## Dataset entries
────────────────────────────────────────

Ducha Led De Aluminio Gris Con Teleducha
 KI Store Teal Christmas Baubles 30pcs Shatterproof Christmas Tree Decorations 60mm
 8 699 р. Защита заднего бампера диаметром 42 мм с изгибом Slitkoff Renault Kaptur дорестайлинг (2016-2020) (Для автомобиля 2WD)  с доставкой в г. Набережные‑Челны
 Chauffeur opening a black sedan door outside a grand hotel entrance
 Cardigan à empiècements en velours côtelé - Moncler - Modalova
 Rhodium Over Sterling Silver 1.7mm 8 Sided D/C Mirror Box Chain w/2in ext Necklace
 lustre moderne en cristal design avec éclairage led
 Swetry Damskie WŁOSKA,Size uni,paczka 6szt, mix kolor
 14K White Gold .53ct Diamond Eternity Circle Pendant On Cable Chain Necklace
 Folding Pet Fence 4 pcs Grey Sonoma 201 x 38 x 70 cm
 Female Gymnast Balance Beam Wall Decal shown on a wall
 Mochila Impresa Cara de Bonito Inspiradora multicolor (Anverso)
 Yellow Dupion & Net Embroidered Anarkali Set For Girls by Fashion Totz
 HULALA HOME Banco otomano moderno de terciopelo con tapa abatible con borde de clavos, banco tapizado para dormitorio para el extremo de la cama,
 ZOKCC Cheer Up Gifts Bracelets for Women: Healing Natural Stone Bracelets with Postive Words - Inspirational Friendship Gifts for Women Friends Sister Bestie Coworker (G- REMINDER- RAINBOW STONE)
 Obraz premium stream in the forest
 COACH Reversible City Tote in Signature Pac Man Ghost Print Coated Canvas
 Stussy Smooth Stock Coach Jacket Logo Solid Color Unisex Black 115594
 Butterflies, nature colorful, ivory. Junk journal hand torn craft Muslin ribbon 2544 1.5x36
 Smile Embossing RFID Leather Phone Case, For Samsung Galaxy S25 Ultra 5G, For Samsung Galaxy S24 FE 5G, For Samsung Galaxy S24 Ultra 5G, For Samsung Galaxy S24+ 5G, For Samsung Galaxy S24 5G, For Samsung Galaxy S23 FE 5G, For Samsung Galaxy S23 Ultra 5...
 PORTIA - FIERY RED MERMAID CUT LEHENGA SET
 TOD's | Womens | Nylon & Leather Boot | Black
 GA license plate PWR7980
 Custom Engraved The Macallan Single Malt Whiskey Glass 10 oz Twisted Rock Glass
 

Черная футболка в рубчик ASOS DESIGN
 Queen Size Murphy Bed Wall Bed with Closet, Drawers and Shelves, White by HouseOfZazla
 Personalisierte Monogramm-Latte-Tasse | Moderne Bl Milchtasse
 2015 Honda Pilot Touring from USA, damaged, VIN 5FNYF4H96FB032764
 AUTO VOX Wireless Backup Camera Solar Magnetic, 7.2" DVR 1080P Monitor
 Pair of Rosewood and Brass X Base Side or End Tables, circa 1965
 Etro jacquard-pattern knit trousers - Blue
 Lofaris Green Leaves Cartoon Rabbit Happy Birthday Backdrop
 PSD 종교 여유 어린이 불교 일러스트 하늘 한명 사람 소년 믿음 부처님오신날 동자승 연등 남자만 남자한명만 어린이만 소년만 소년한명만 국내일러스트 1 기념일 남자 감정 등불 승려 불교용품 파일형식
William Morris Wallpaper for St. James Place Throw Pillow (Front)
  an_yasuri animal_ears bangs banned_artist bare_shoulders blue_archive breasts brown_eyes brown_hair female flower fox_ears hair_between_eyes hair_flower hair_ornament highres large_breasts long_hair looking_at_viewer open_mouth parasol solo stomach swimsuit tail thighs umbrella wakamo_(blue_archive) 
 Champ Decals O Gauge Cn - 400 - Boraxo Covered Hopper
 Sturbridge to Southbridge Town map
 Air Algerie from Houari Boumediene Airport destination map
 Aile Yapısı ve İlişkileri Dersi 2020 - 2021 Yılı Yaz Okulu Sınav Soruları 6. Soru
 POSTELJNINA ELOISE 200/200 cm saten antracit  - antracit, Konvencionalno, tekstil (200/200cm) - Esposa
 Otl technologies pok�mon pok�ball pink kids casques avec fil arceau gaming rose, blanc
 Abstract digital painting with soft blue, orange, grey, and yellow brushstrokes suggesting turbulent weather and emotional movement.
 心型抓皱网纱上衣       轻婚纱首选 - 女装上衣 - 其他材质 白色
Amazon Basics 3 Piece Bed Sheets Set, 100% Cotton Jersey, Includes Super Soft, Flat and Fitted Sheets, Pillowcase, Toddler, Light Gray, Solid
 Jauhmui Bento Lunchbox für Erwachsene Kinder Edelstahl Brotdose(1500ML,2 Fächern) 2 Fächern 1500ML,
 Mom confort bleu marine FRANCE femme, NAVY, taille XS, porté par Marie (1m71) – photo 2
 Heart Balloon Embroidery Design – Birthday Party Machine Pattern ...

────────────────────────────────────────

## Goal of the exercise
A word-for-word copy of the lines above from the one with "COACH Reversible City" through the one with "William Morris Wallpaper", inclusive, is the only output wanted.

## Answer to the problem
 COACH Reversible City Tote in Signature Pac Man Ghost Print Coated Canvas
 Stussy Smooth Stock Coach Jacket Logo Solid Color Unisex Black 115594
 Butterflies, nature colorful, ivory. Junk journal hand torn craft Muslin ribbon 2544 1.5x36
 Smile Embossing RFID Leather Phone Case, For Samsung Galaxy S25 Ultra 5G, For Samsung Galaxy S24 FE 5G, For Samsung Galaxy S24 Ultra 5G, For Samsung Galaxy S24+ 5G, For Samsung Galaxy S24 5G, For Samsung Galaxy S23 FE 5G, For Samsung Galaxy S23 Ultra 5...
 PORTIA - FIERY RED MERMAID CUT LEHENGA SET
 TOD's | Womens | Nylon & Leather Boot | Black
 GA license plate PWR7980
 Custom Engraved The Macallan Single Malt Whiskey Glass 10 oz Twisted Rock Glass
 

Черная футболка в рубчик ASOS DESIGN
 Queen Size Murphy Bed Wall Bed with Closet, Drawers and Shelves, White by HouseOfZazla
 Personalisierte Monogramm-Latte-Tasse | Moderne Bl Milchtasse
 2015 Honda Pilot Touring from USA, damaged, VIN 5FNYF4H96FB032764
 AUTO VOX Wireless Backup Camera Solar Magnetic, 7.2" DVR 1080P Monitor
 Pair of Rosewood and Brass X Base Side or End Tables, circa 1965
 Etro jacquard-pattern knit trousers - Blue
 Lofaris Green Leaves Cartoon Rabbit Happy Birthday Backdrop
 PSD 종교 여유 어린이 불교 일러스트 하늘 한명 사람 소년 믿음 부처님오신날 동자승 연등 남자만 남자한명만 어린이만 소년만 소년한명만 국내일러스트 1 기념일 남자 감정 등불 승려 불교용품 파일형식
William Morris Wallpaper for St. James Place Throw Pillow (Front)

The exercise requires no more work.